4. Hope and Gratitude

Hope and gratitude will be important as we get back to our routines. Hopes for the future will need to be explored pointing the way forward to a happier time. Trying to remain hopeful is difficult when we are faced with challenges, but it is important to tell the children that by working together and sharing feelings with others we can get through things. Promoting gratitude and celebrating being thankful for the small things in life will be equally important.

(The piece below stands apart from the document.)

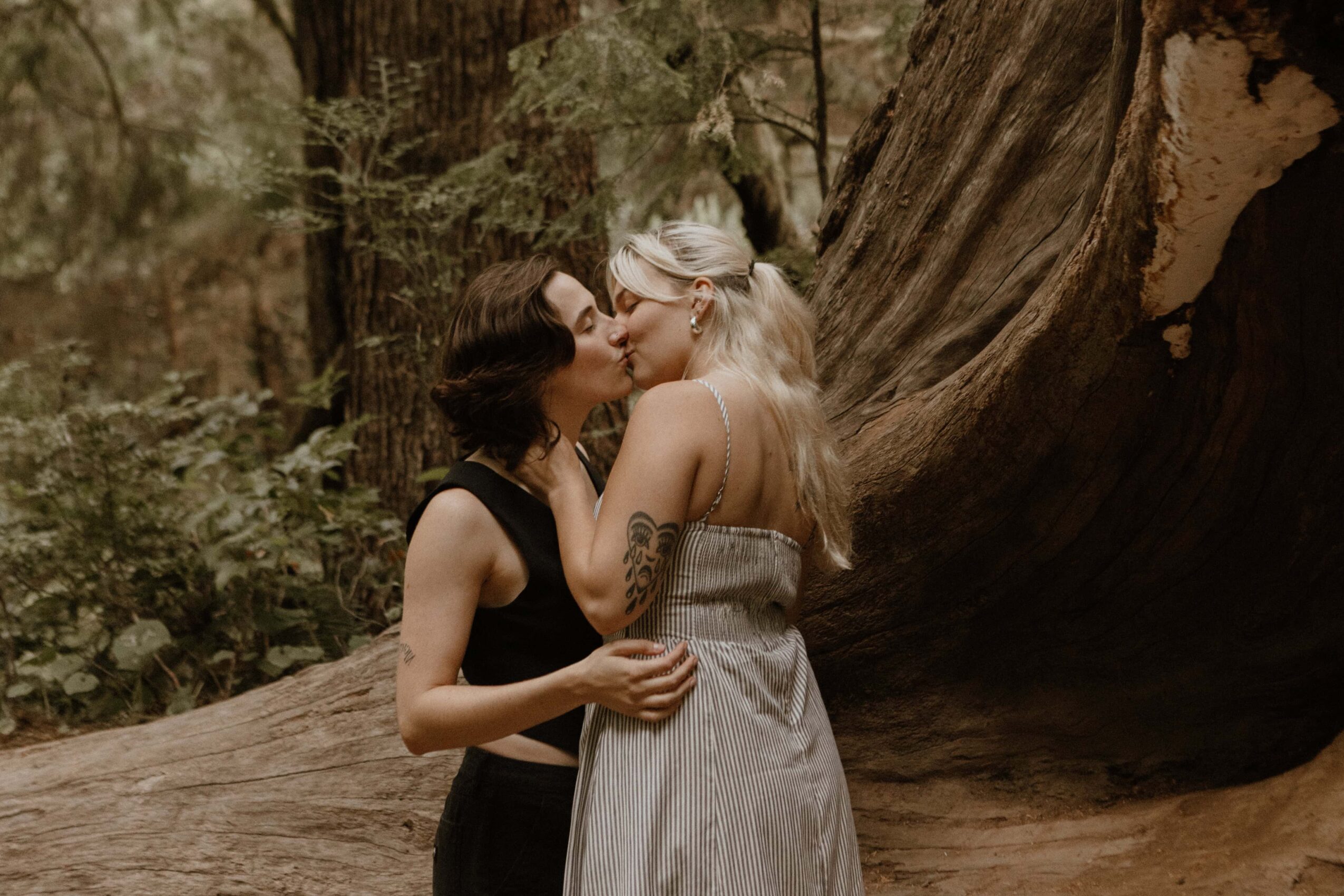Two women kissing outdoors near a large tree, one with dark hair and the other with light hair, in a forest setting.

  • Create a dreamcatcher and ask children to add their hopes and dreams to it
  • Show kindness to others – encourage random acts of kindness
  • A cup of kindness box for children and staff to try and fill each week and share them with each other with a reward if you can fill it!
  • A time capsule could be buried along with artwork, pieces of writing about lockdown and their hopes for the future will help consolidate their thinking
  • Remind children to take notice of what is around them, take time out in the day to pause and take in their surroundings, they could go on a sensory walk outside in the school grounds, appreciate nature. Encourage them to be thankful for the small things
  • Create a Gratitude Display of all the things your class and staff are grateful for when they return. They could write thank you letters to someone who has done something special for them, write poems and draw pictures of people they are grateful for

Our communities have suffered trauma. If we do not respond to their return with a curriculum rich in a mindful, nurturing way, we will not be addressing the sense of loss felt by all. Forget catch up, until our children feel safe and have built up their social interactions and routines and only then will they be ready to learn.

Art, creativity, books and music around the themes of safety, reconnecting, loss and hope will bring smiles back to the faces of our children and teachers. When we are all smiling again, we can begin to learn once more. September should be a new beginning and a chance for a time to heal.